# [WORK TASK]
Only one stretch of the data below is wanted: the lines starting at the one with "五年级语文上册 第六单元 阳光很活泼课件2 西师大版-西师大版小学五年级上册语文课件" and ending at the one with "Punctuation Dangles Hypoallergenic", both included, given again exactly.
──────────────────────────────
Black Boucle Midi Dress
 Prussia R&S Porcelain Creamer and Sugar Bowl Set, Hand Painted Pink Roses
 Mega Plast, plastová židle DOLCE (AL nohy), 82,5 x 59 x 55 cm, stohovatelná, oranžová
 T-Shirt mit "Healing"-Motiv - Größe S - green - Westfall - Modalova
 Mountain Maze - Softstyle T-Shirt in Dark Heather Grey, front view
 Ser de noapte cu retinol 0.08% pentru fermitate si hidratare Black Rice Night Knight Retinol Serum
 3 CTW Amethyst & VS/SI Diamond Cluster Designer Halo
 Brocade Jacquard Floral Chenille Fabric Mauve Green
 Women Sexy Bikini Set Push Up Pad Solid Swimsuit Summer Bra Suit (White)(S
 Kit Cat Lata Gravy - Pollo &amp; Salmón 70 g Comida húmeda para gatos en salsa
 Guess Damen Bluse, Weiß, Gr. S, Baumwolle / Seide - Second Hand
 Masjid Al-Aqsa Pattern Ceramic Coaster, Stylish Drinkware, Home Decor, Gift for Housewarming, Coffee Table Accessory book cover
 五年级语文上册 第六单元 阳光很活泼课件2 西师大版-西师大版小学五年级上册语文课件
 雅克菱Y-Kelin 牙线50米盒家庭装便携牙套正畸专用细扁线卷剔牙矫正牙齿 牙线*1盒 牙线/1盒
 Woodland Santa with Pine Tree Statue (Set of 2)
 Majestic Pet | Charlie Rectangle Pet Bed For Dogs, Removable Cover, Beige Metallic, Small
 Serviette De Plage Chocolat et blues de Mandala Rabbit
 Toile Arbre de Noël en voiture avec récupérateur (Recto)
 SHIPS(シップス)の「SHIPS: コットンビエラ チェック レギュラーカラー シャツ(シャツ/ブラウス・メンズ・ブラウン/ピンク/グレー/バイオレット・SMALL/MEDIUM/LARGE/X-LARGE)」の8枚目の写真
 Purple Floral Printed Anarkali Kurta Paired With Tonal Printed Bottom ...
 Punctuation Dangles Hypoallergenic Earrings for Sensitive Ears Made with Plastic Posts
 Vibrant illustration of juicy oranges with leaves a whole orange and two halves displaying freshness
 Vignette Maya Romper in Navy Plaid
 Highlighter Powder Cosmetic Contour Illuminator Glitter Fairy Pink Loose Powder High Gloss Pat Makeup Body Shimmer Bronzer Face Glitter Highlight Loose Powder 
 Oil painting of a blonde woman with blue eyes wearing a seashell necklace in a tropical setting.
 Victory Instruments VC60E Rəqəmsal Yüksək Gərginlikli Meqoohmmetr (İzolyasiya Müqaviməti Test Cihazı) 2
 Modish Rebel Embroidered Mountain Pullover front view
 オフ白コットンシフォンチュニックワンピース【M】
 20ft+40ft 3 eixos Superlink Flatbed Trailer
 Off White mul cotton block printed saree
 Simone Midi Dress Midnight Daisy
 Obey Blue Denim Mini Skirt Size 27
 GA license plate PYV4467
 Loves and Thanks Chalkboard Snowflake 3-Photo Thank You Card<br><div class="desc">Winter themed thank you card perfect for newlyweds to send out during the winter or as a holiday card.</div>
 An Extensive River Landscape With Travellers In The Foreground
──────────────────────────────
# [EXERCISE ANSWER]
 五年级语文上册 第六单元 阳光很活泼课件2 西师大版-西师大版小学五年级上册语文课件
 雅克菱Y-Kelin 牙线50米盒家庭装便携牙套正畸专用细扁线卷剔牙矫正牙齿 牙线*1盒 牙线/1盒
 Woodland Santa with Pine Tree Statue (Set of 2)
 Majestic Pet | Charlie Rectangle Pet Bed For Dogs, Removable Cover, Beige Metallic, Small
 Serviette De Plage Chocolat et blues de Mandala Rabbit
 Toile Arbre de Noël en voiture avec récupérateur (Recto)
 SHIPS(シップス)の「SHIPS: コットンビエラ チェック レギュラーカラー シャツ(シャツ/ブラウス・メンズ・ブラウン/ピンク/グレー/バイオレット・SMALL/MEDIUM/LARGE/X-LARGE)」の8枚目の写真
 Purple Floral Printed Anarkali Kurta Paired With Tonal Printed Bottom ...
 Punctuation Dangles Hypoallergenic Earrings for Sensitive Ears Made with Plastic Posts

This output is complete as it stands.